Instructions to follow: Once the images are set aside, write out the rest of the records exactly.

Crawled caption data:
BEGIN

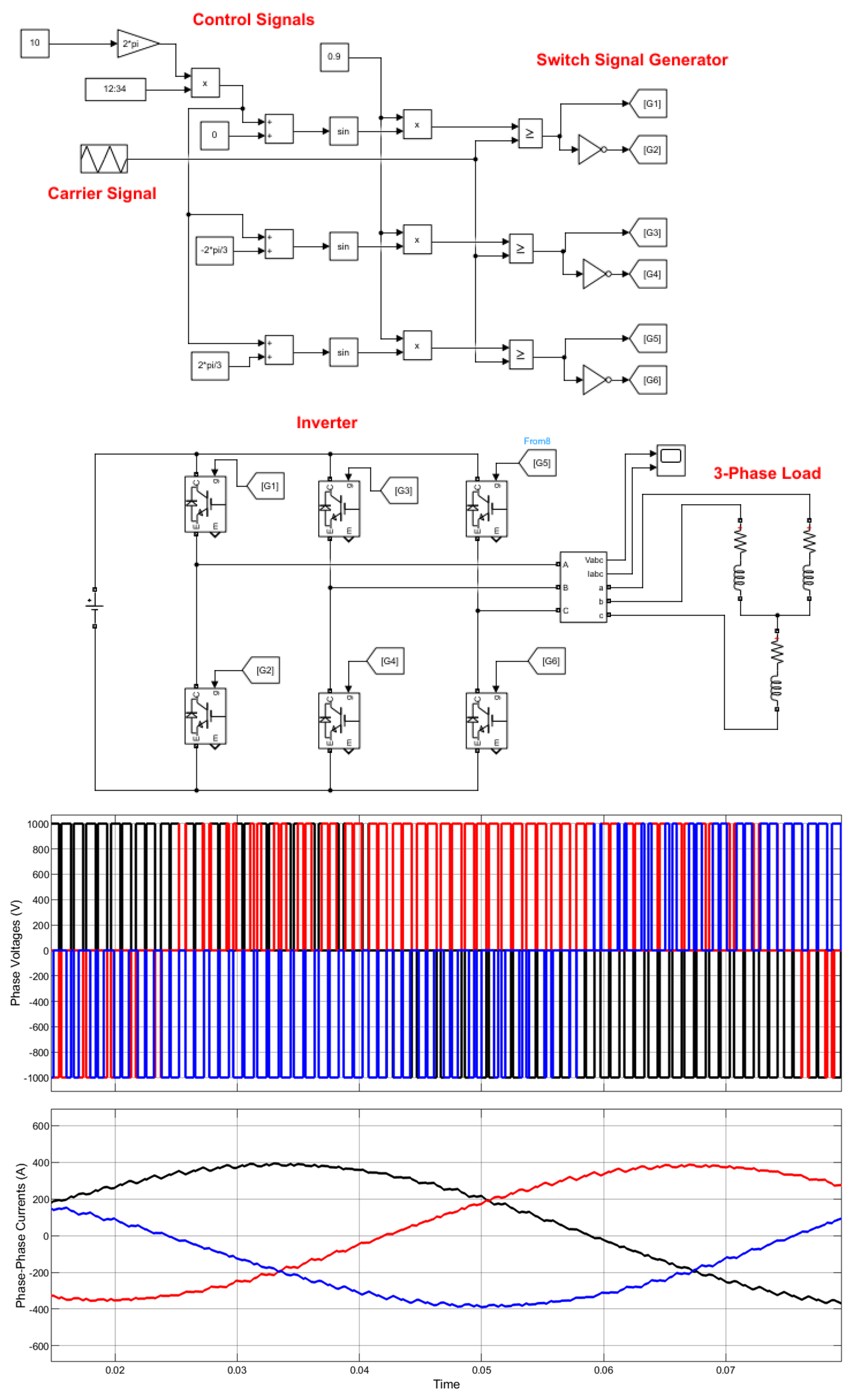 Energies 15 08217 g002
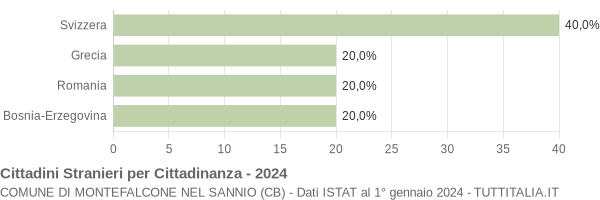 Grafico cittadinanza stranieri - Montefalcone nel Sannio 2024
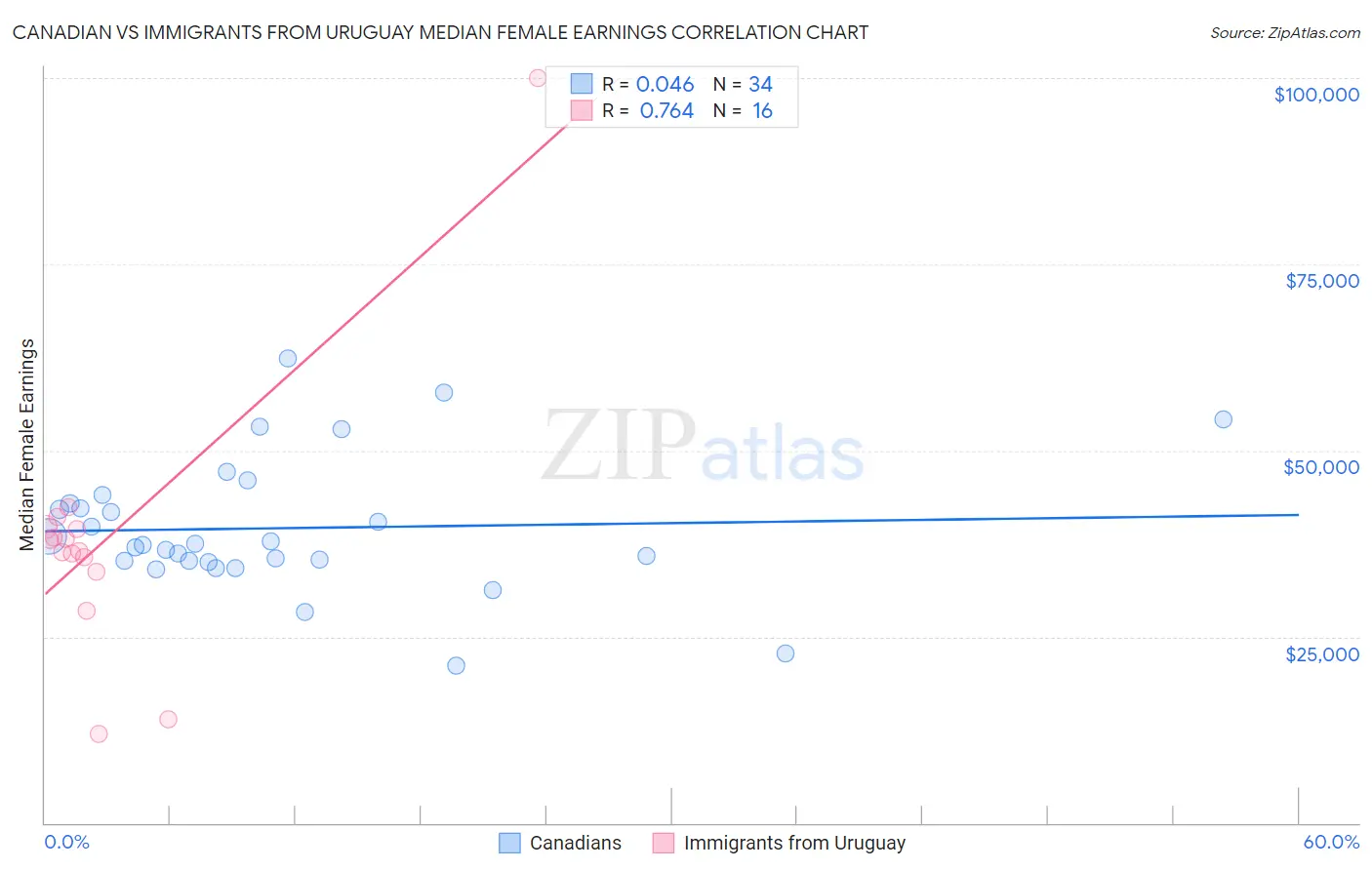 Canadian vs Immigrants from Uruguay Median Female Earnings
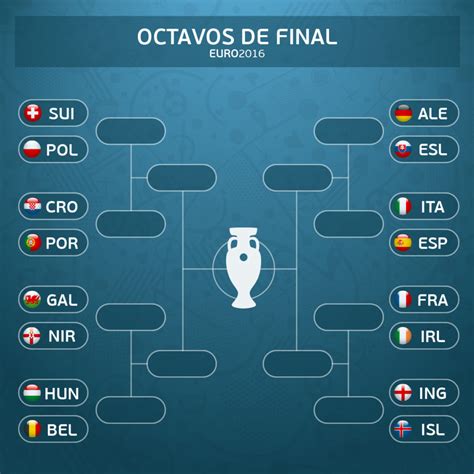 Resultados Eurocopa 2016, Fútbol Europa .
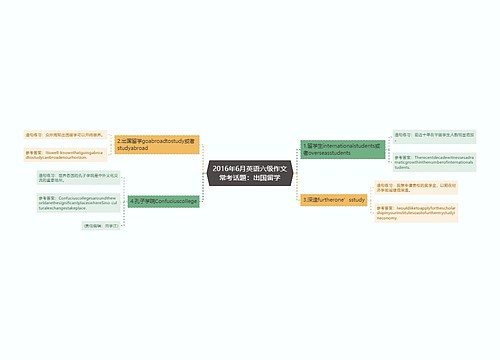 2016年6月英语六级作文常考话题：出国留学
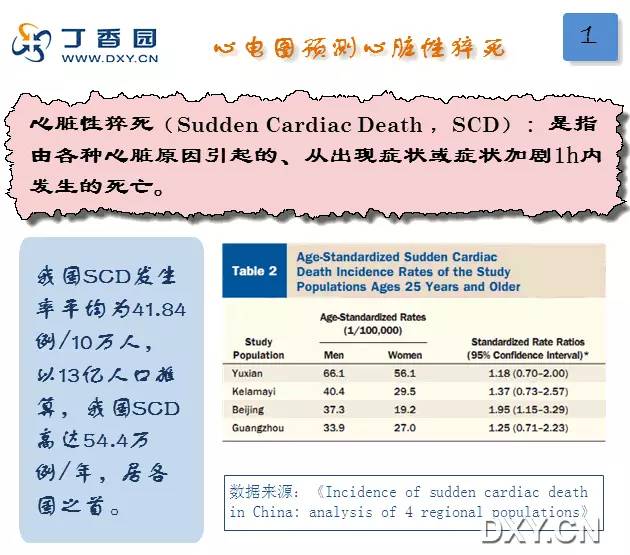 心电图预警：心脏性猝死的「算命师」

END

Reply to the task:
 Energies 15 08217 g002
 Grafico cittadinanza stranieri - Montefalcone nel Sannio 2024
 Canadian vs Immigrants from Uruguay Median Female Earnings
 Resultados Eurocopa 2016, Fútbol Europa .
 2016年6月英语六级作文常考话题：出国留学
 心电图预警：心脏性猝死的「算命师」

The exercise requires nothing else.